Word for word, restate the lines of the data from the first through the one containing "2 3813 W 16th Avenue Vancouver, BC - 24", and nothing else.

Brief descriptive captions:
++++++++++++++++++++

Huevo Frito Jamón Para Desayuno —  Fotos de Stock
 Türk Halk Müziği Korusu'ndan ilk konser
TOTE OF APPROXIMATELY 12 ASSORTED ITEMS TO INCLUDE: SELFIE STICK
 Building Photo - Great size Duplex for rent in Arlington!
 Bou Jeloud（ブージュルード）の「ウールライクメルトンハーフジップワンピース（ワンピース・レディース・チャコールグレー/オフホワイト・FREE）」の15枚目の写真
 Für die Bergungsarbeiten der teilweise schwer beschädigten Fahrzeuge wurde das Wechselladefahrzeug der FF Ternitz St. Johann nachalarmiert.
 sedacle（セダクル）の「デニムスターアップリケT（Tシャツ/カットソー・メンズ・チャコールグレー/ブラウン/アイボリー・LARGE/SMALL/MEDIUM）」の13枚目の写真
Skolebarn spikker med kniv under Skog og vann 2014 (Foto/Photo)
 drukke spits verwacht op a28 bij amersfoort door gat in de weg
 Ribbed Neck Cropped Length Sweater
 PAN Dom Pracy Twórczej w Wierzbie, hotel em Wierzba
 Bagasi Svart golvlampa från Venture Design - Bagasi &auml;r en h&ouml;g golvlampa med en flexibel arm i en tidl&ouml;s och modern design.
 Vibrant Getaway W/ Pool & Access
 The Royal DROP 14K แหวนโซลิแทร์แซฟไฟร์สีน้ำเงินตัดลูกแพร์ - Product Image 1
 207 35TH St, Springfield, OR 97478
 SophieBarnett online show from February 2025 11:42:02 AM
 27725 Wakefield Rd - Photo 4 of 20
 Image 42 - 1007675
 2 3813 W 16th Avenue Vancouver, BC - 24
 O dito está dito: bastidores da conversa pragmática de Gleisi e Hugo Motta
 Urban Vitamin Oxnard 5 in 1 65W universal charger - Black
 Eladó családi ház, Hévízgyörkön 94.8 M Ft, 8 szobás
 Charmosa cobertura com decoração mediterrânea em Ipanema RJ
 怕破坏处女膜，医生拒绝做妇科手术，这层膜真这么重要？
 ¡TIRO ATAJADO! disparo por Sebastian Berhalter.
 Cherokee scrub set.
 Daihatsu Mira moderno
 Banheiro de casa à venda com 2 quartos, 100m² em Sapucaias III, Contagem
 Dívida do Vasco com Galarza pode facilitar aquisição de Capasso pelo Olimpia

++++++++++++++++++++

(ANSWER BOX):
Huevo Frito Jamón Para Desayuno —  Fotos de Stock
 Türk Halk Müziği Korusu'ndan ilk konser
TOTE OF APPROXIMATELY 12 ASSORTED ITEMS TO INCLUDE: SELFIE STICK
 Building Photo - Great size Duplex for rent in Arlington!
 Bou Jeloud（ブージュルード）の「ウールライクメルトンハーフジップワンピース（ワンピース・レディース・チャコールグレー/オフホワイト・FREE）」の15枚目の写真
 Für die Bergungsarbeiten der teilweise schwer beschädigten Fahrzeuge wurde das Wechselladefahrzeug der FF Ternitz St. Johann nachalarmiert.
 sedacle（セダクル）の「デニムスターアップリケT（Tシャツ/カットソー・メンズ・チャコールグレー/ブラウン/アイボリー・LARGE/SMALL/MEDIUM）」の13枚目の写真
Skolebarn spikker med kniv under Skog og vann 2014 (Foto/Photo)
 drukke spits verwacht op a28 bij amersfoort door gat in de weg
 Ribbed Neck Cropped Length Sweater
 PAN Dom Pracy Twórczej w Wierzbie, hotel em Wierzba
 Bagasi Svart golvlampa från Venture Design - Bagasi &auml;r en h&ouml;g golvlampa med en flexibel arm i en tidl&ouml;s och modern design.
 Vibrant Getaway W/ Pool & Access
 The Royal DROP 14K แหวนโซลิแทร์แซฟไฟร์สีน้ำเงินตัดลูกแพร์ - Product Image 1
 207 35TH St, Springfield, OR 97478
 SophieBarnett online show from February 2025 11:42:02 AM
 27725 Wakefield Rd - Photo 4 of 20
 Image 42 - 1007675
 2 3813 W 16th Avenue Vancouver, BC - 24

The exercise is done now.